Mayor of London Boris Johnson, leaving the Cobra meeting, appeared to indicate that the attack was being seen as a one-off incident.
"Everything I am hearing leads me to think that Londoners can go about their business in the normal way and we are going to bring the killers to justice". Earlier he said: "The people of London should take their cue, from the behaviour of the people of Woolwich, who showed such astonishing natural courage." Johnson said the blame for the event lay not with Islam or British foreign policy but "wholly and exclusively in the warped and deluded mindset of the people who did it".
The far-right and the English Defence League are using social media to exploit the attack. Riot police contained an EDL demonstration in Woolwich. Elsewhere, two men were arrested following attacks on mosques.
Witnesses said that the assailants used a car to run over the soldier just metres from the Royal Artillery Barracks in Woolwich, southeast London, before attacking him with knives and a meat cleaver.
The victim, who was wearing a Help for Heroes military charity T-shirt, was aged around 20, and had reportedly been on duty at an Army recruitment office in central London and was heading back to the barracks.
'It is you versus many, you are going to lose'
A mother-of-two told how she put her life on the line by trying to persuade the extremists to hand over their weapons.
Ingrid Loyau-Kennett, a Cub Scout leader, talked to the killers and kept her nerve as one of them told her: "We want to start a war in London tonight."
Loyau-Kennett, 48, from Cornwall, was one of the first people on the scene.
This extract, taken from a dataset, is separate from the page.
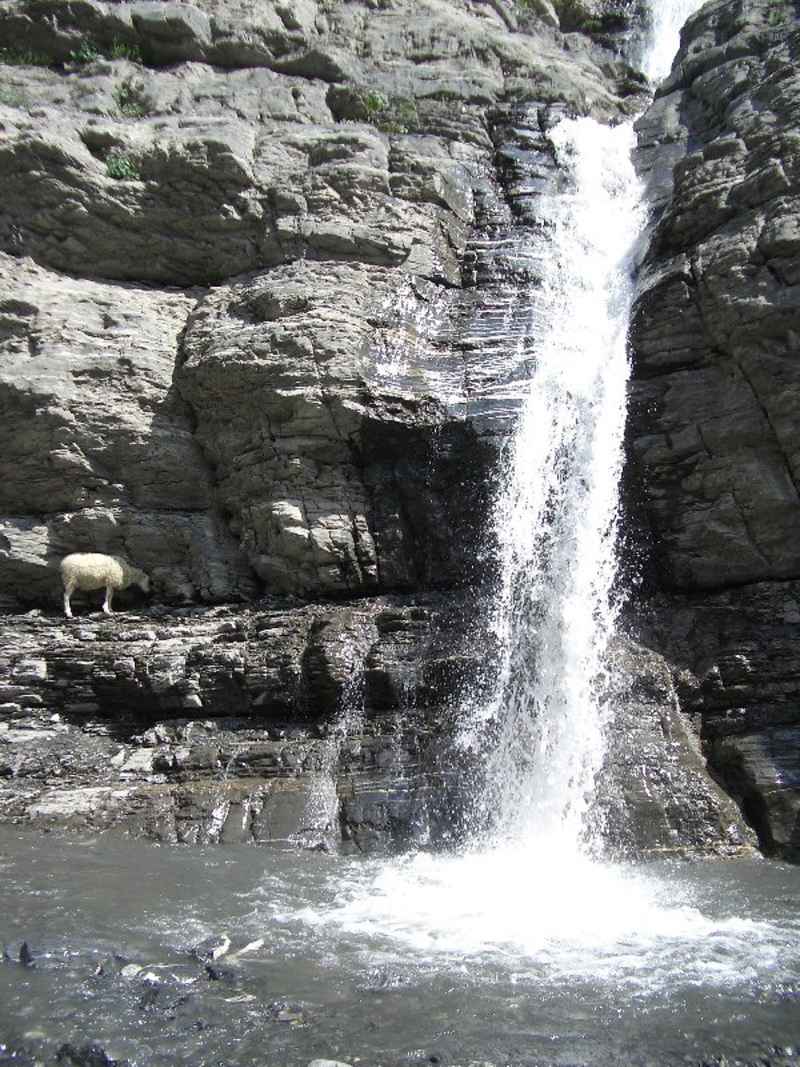 Les moutons cherchent l'ombre et la fraîcheur des cascades... contamines/fer_cheval/photos/fer_cheval_cascade_06.jpg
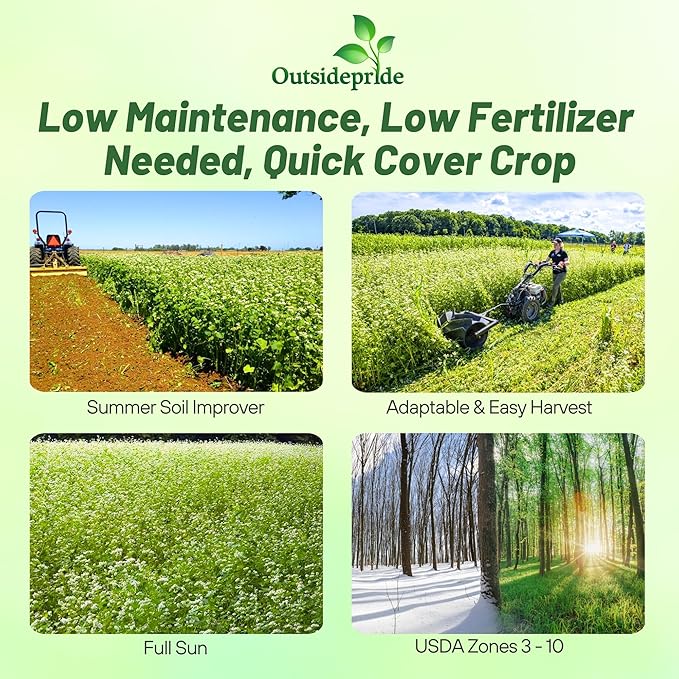 Outsidepride Buckwheat Seeds - 1lb Annual, Fast-Growing, Easy to Grow Buckwheat Cover Crop Seeds for Green Manure, Bee Pasture & Pollinators, Wildlife Habitat, Soil Improvement, and Erosion Control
She was on a bus which was travelling past and jumped off to check the soldier's pulse. "I have my first aid ... I thought it was an accident. Then I saw the guy was dead ... And then when I went up there was this black guy with a revolver and a kitchen knife.
"He had what looked like butcher's tools and he had a little axe, to cut the bones, and two large knives and he said: 'Move off the body.' ... He was covered with blood. I thought I had better start talking to him before he starts attacking somebody else ...
"I asked him if he did it and he said yes and I said why? And he said because he has killed Muslim people in Muslim countries.
"He said [the victim] was a soldier ... 'I killed him because he killed Muslims and I am fed up with people killing Muslims in Afghanistan.'
"He was not high ... he was not ... drunk. He was just distressed, upset. He was in full control of his decisions ... I said: 'Right, now it is only you versus many people, you are going to lose, what would you like to do?' He said: 'I would like to stay and fight'."
Loyau-Kennett then talked to the man in the light coat. "I said: 'Would you like to give me what you have in your hands?' I did not want to say weapons but I thought it was better having them aimed on one person like me rather than everybody there."
Other people shielded the soldier's body as the killers stood over them. Joe Tallant, 20, said a friend and her mother went over to help the soldier.
"Her mother was so brave, she didn't care what happened to her. She knelt by his side and comforted him. She held his hand and put her other hand on his chest. I think she might have been praying."